Wednesday, October 19, 2011

What color are you going to be today?

When I was a kid, parents only got involved with behavior at school if it was really bad. There wasn’t a status chart send home every day saying whether you were good or not. Only if you were really acting up did it ever get on your report card or escalated to the next level.

When my daughter started preschool, there were three color levels available to let the parents know what type of day the child had.

Green = Good
Yellow = Poor
Red = Parent intervention required

At the end of the week, if all greens were received, the child would get to select a small prize from the pirate chest. This seemed to work pretty well and there were very few times that we ever saw a yellow on the behavior chart. Especially as yellow not only meant no prize at the end of the week, it also meant no allowance for the week either. The kids had to be pretty bad to get a yellow so it was considered a serious offense.

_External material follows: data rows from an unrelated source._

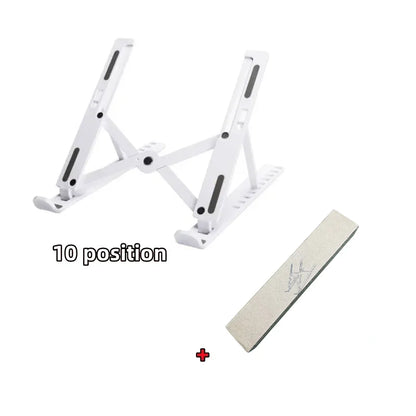 Foldable Laptop Stand Adjustable Portable Notebook Bracket Support Base ABS Holder for Macbook Air Pro Accessories Convenient
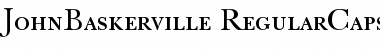 JohnBaskerville Regular Font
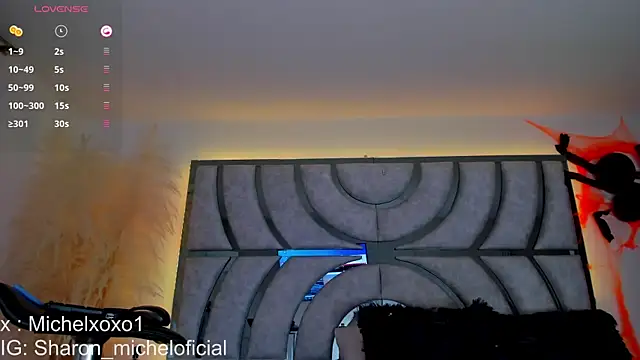 Sharon mishel online show from October 31, 2025, 11:28 pm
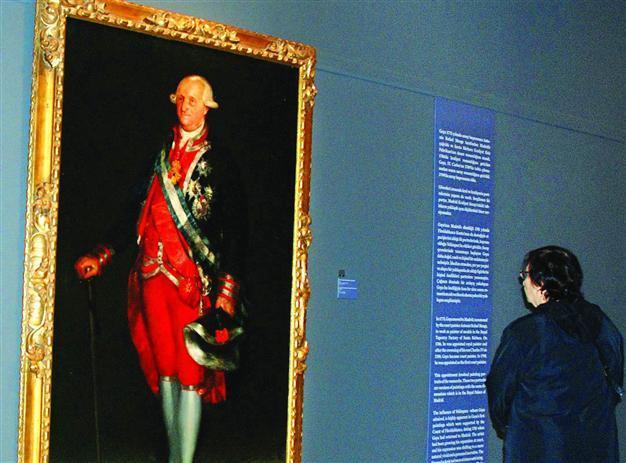 Goya masterpieces in city for first time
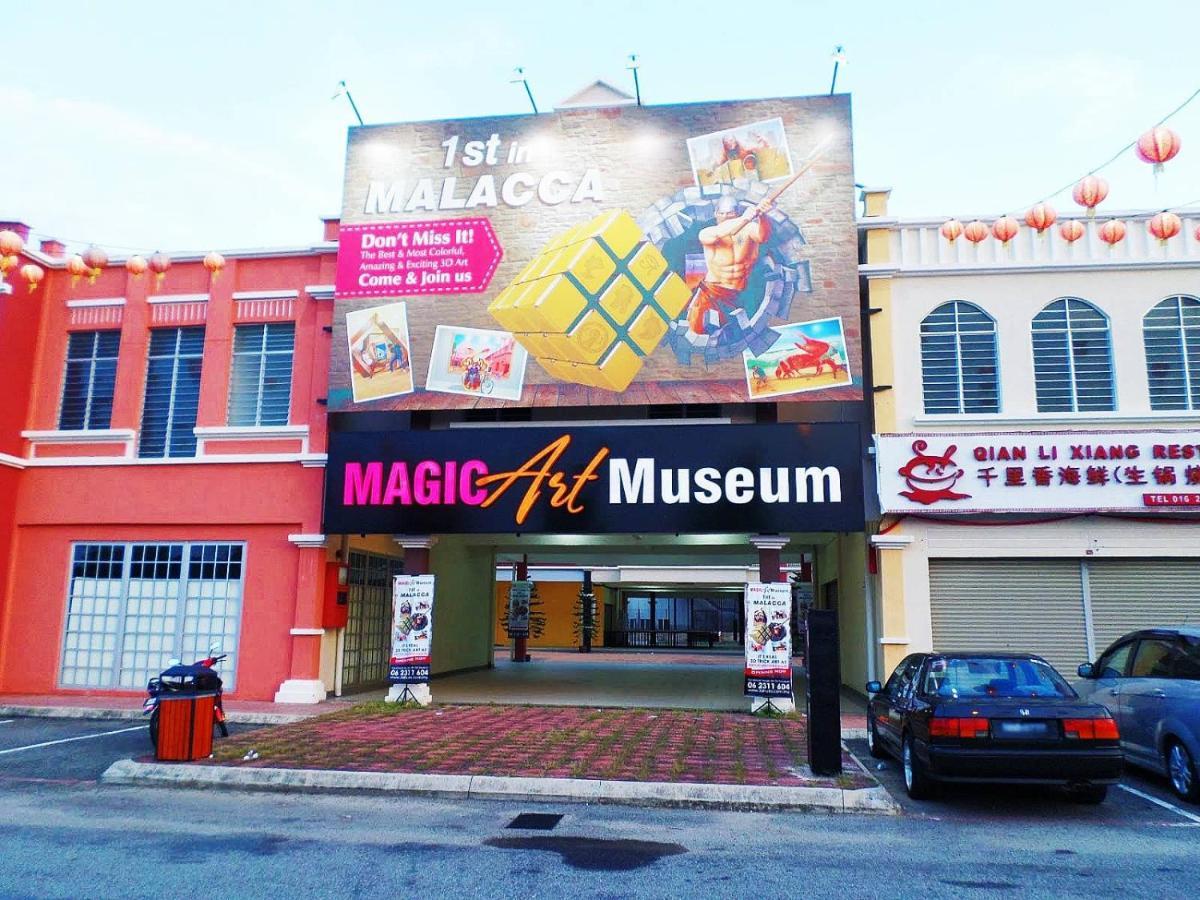 Malacca Top Largest Waterpark Resort - By YouBNB Homestay Melaka Exterior foto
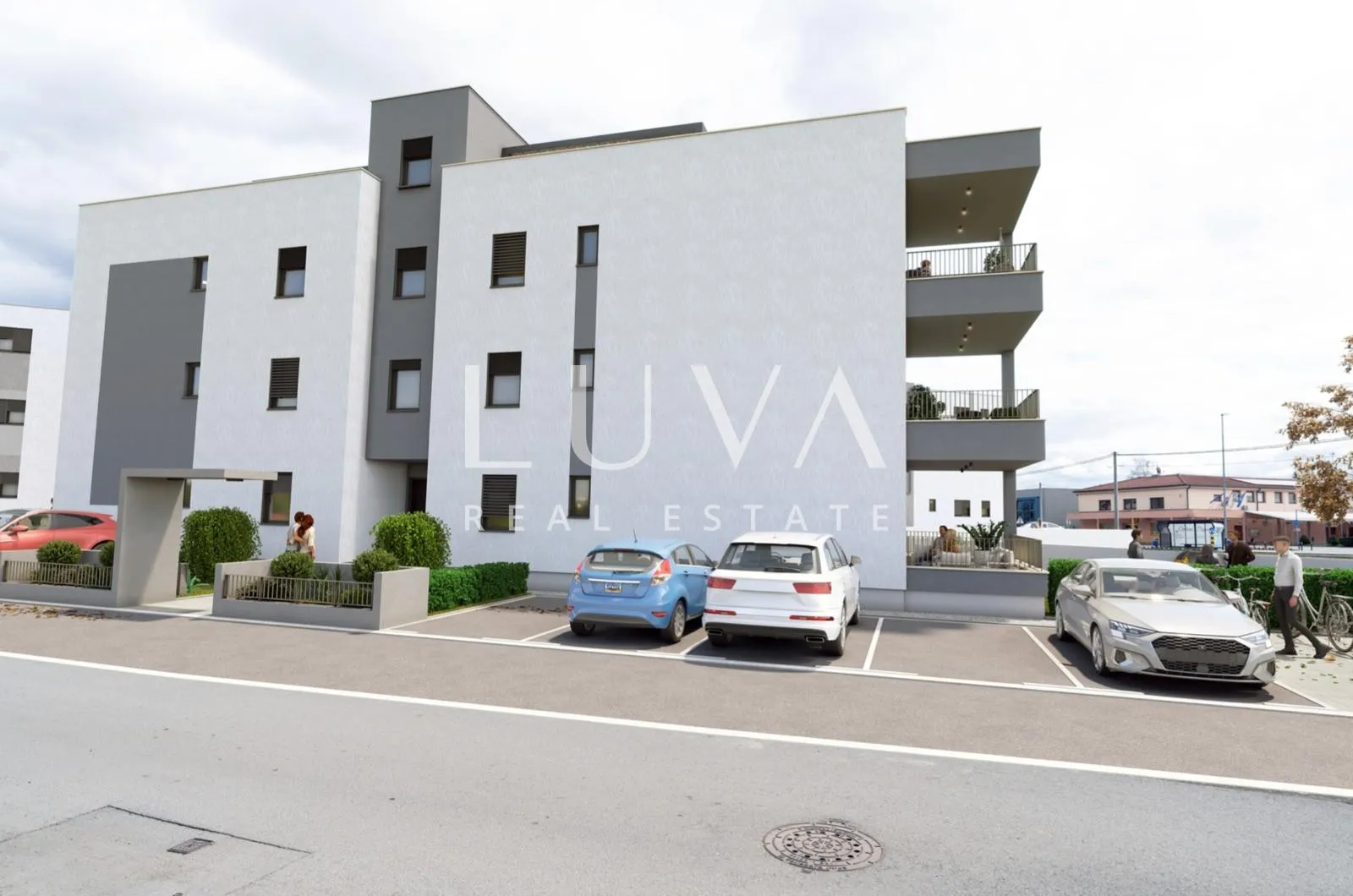 Zagreb, Gornji stupnik, stan s dvije spavaće sobe na prvom katu - cover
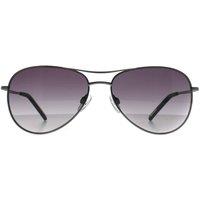 Ted Baker Aviator Silver Grey Gradient TB1166 Carter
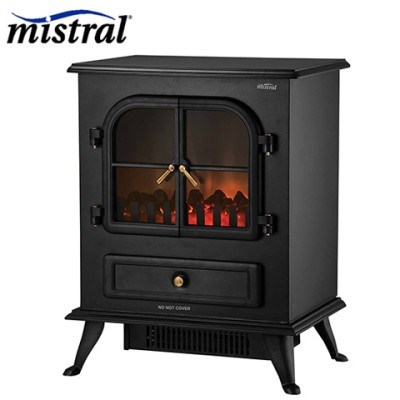 Mistral Classic Flame Effect 1800W Heate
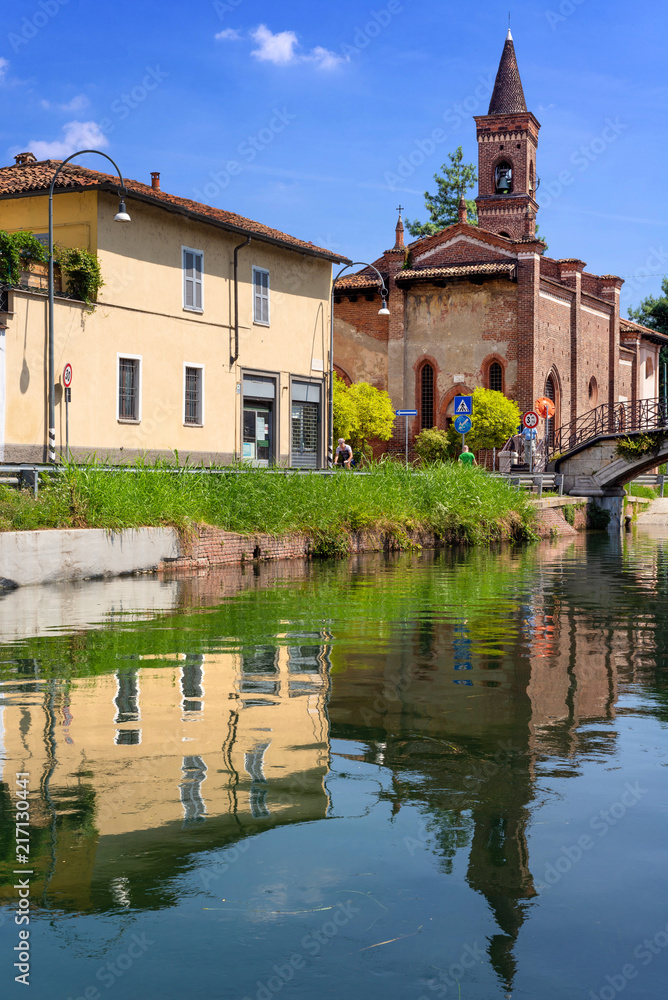Milano, Navigli e Chiesa di San Cristoforo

Now that my daughter is in Kindergarten, the school has five color levels to indicate behavior.

Green = Good
Yellow = Required multiple requests for compliance
Blue = Loss of privileges
Orange = Call to parents
Red = Sent to Principal’s office

The second week of Kindergarten we got our first yellow. She had to be asked several times to pay attention in class and stop visiting with her neighbor. (Big surprise, I know! I got in trouble for that ALL of the time when I was a kid.) Both her dad and I talked to her about how important it was to pay attention in class and that we didn’t want to see any more yellows. She also lost her allowance for the week. There were some minor tears over the monetary loss, but nothing serious. We didn’t have any issues for another month and then yesterday, another yellow.

We were sitting on the sofa and she suddenly got very quiet. Her eyes began to tear up as she said to me “Mommy, I have to tell you something.” Based on the sudden change in her mood and the seriousness of her tone I prepared myself for something awful. Then I heard, “I got a yellow at school today”. This was immediately followed by some serious sobbing. She was crying so hard she was almost hysterical. It took me at least five minutes to get her calmed down enough so that she could tell me what happened. Evidently the teacher had to ask her more than once to complete an activity as the first time she wasn’t listening.

I held her tightly for a few minutes more just to calm her down and told her that while I don’t want the teacher to have to ask her to do something multiple times, getting a yellow isn’t so bad that she has to cry about it. We finally got the crying to subside, but it really hit me hard.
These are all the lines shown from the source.